Ryan makes the case that Treasuries are “sacred” and that the US Treasury is doing investors a great disservice by dismantling the Treasury maturity ladder. Eliminating maturities will have a “severe” ripple effect on pension funds since it will eliminate a key tool needed for matching assets and liabilities.
 
In order for pension funds to match these liabilities, they have traditionally relied on a wide assortment of Treasury maturities. But because the US Government thinks it has reduced the national debt, many bonds are no longer being issued.

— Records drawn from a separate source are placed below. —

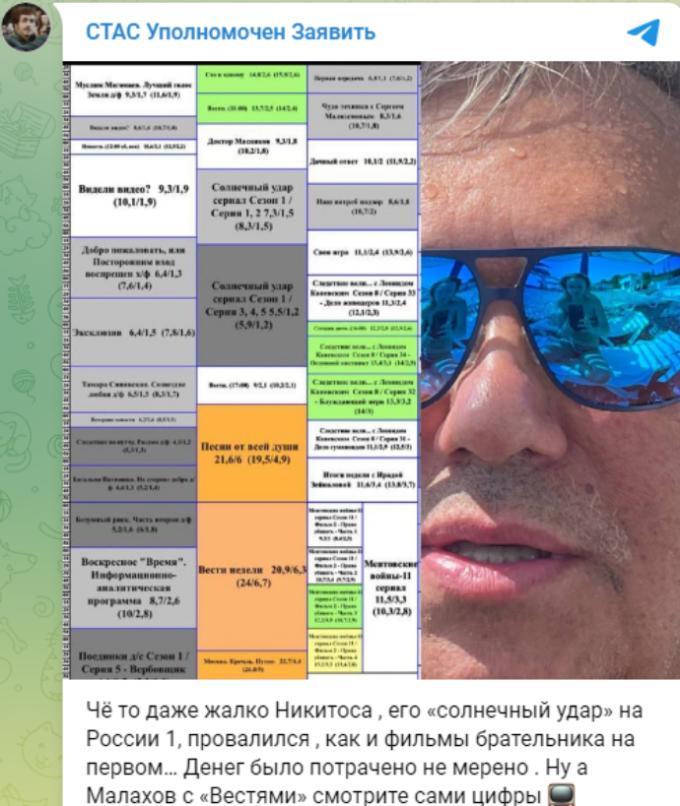 «Денег было потрачено немерено»: стало известно о грандиозном провале Михалкова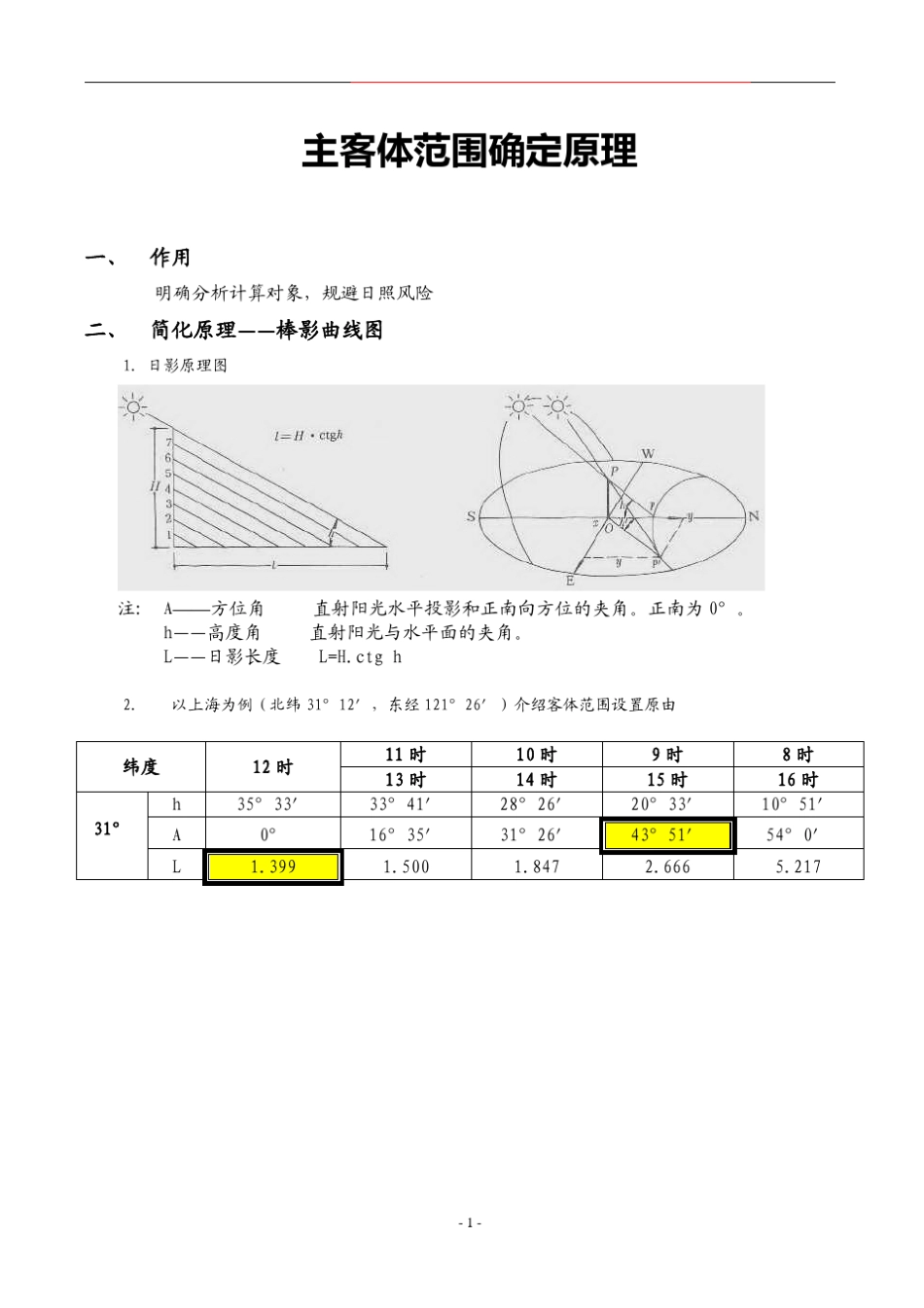 主客体范围确定原理20090806_第1页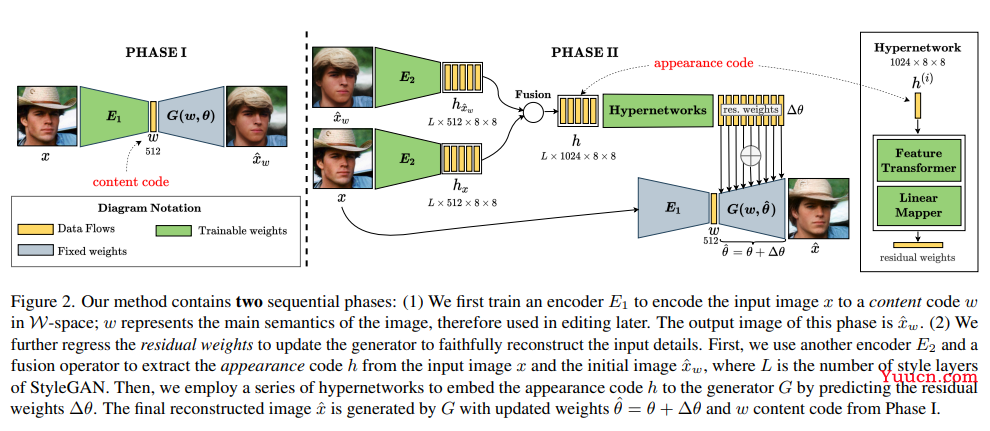 CVPR 2022 | 最全25+主题方向、最新50篇GAN论文汇总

Ryan said the US Treasury has already stopped issuing the 3-, 4-, 7-, 10- and 30-year US Treasury bonds and this violates the “sacred ground” of the yield curve, which will eliminate a basic asset-liability management tool for no reason.
 
“We need every one of these spots on the yield curve, so we can make comparisons and prices for every time period.  There are going to be many problems when these are eliminated,” Ryan warned.
 
One reason why Treasuries do not have a more prominent role in portfolios is that no one gets paid to sell them, other money managers said. One fixed income trader said he has seen a push towards adopting a swaps curve which is coming at the expense of  longer dated Treasuries that are being eliminated.
 
Ryan, who as the former head of fixed income research at Lehman Brothers helped create many bond indexes, started his own independent firm, Ryan Labs, in 1982. The Ryan Labs Treasury Index, created in 1983, is a market-weighted index of all Treasuries longer than one year to maturity.